TRURO — Every day, Truro’s beach attendants check the white boxes labeled “severe bleeding first aid” to make sure the bleed kits are still there. The kits are meant to save a life in case of a shark attack or other emergency. Often, though, the beach attendants find them missing.

“Hemorrhage control kits are being ransacked at the beaches,” acting Town Manager Kelly Clark said at the select board’s July 22 meeting.
The town quickly replaces whatever is found missing, but for the bleed kits to be gone — even just for a short time — means there’s a risk that if someone is injured by a shark or otherwise hurt and bleeding heavily, supplies meant to help them won’t be found.
“We are obviously concerned that people are stealing, but we’re more concerned that someone’s going to grab that kit, and there’s not going to be anything in there for them if they need it,” said Truro Fire Chief Tim Collins.
The beaches have housed bleed kits since the fall of 2018. They were installed after 26-year-old Arthur Medici, who had been boogie boarding, was bitten by a shark at Wellfleet’s Newcomb Hollow Beach. Medici was the first person on the Atlantic coast to die from shark bite injuries since 1936.
Eric Pyensen, the newest member of Truro’s beach advisory commission, said at the recent select board meeting that he had been at Newcomb Hollow that day. Pyensen said that he and a friend tried to help Medici but lacked emergency supplies.
Seeing the consequences of a shark bite up close has made Pyensen passionate about safety on the water — and disheartened by the apparent thefts. “At Ryder Beach the other day, which is one of our favorite bay beaches, the safety kit was not there, and I was pretty disappointed,” he said.
A month before Medici died, another man was bitten by a shark on the Outer Cape. That man, William Lytton, was airlifted from Longnook Beach in Truro to Tufts Medical Center in Boston, where he was treated for deep puncture wounds on his torso and leg, according to news reports at the time.

After those attacks, the Outer Cape towns and the Cape Cod National Seashore added hard-wired and satellite emergency phones at beaches, which have poor cell phone service, and started equipping them with bleed kits. Local fire departments have since held regular Stop the Bleed training to teach residents how to use the kits in an emergency.
“These kits are not first-aid kits,” Collins said. You won’t find Band-Aids in there or other equipment meant to treat minor injuries. Instead, the kits contain hemostatic dressings, gauze bandages that accelerate the body’s natural clotting process. The cases cost about $180, while the hemostatic dressings inside cost up to $125, according to Collins.
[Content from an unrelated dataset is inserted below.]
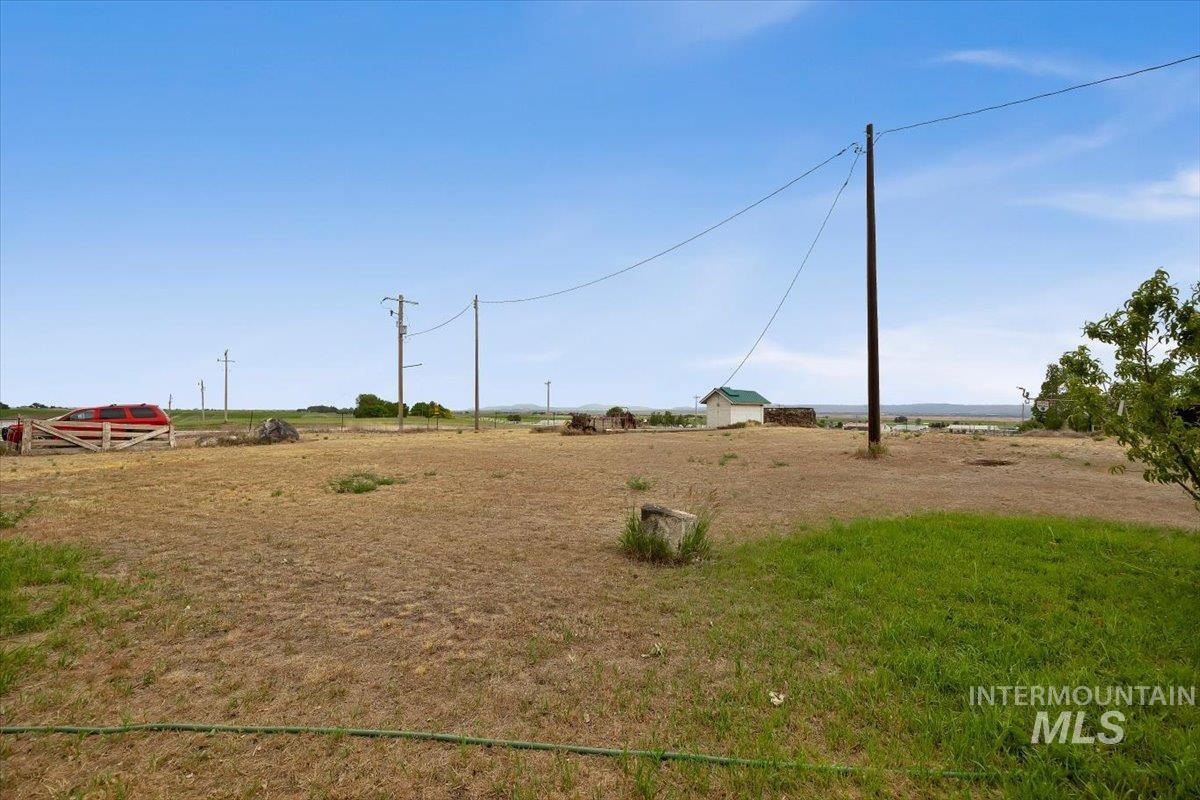 5597 US Hwy 93, Jerome, Idaho 83338, 3 Bedrooms, 2 Bathrooms, Residential For Sale, Price $340,000, 98989512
As researchers find that the population of sharks visiting the Outer Cape appears to be rebounding, shark safety is more important than ever. But the kits are also meant to help in emergencies other than shark attacks, such as a cut by a boat propeller or other injuries causing hemorrhaging.
The kits have from time to time been found open and with something missing since they were first installed. Sometimes, the kits disappear altogether. The losses are logged, but town officials do not know who has taken them or why.
And the problem continues, according to Collins. “Last week, we had three kits that were broken into,” he said.
Wellfleet Fire Chief Joseph Cappello could not be reached for an update, but Leslie Reynolds, the deputy superintendent of the National Seashore, which maintains bleed kits at Provincetown beaches, told the Independent in an email that the Park’s “stop the bleed kits have not been stolen.”
Eastham Deputy Fire Chief Eric Littman said the same was true there: “I’ve not been aware or been informed of any thefts of any equipment on our beaches.”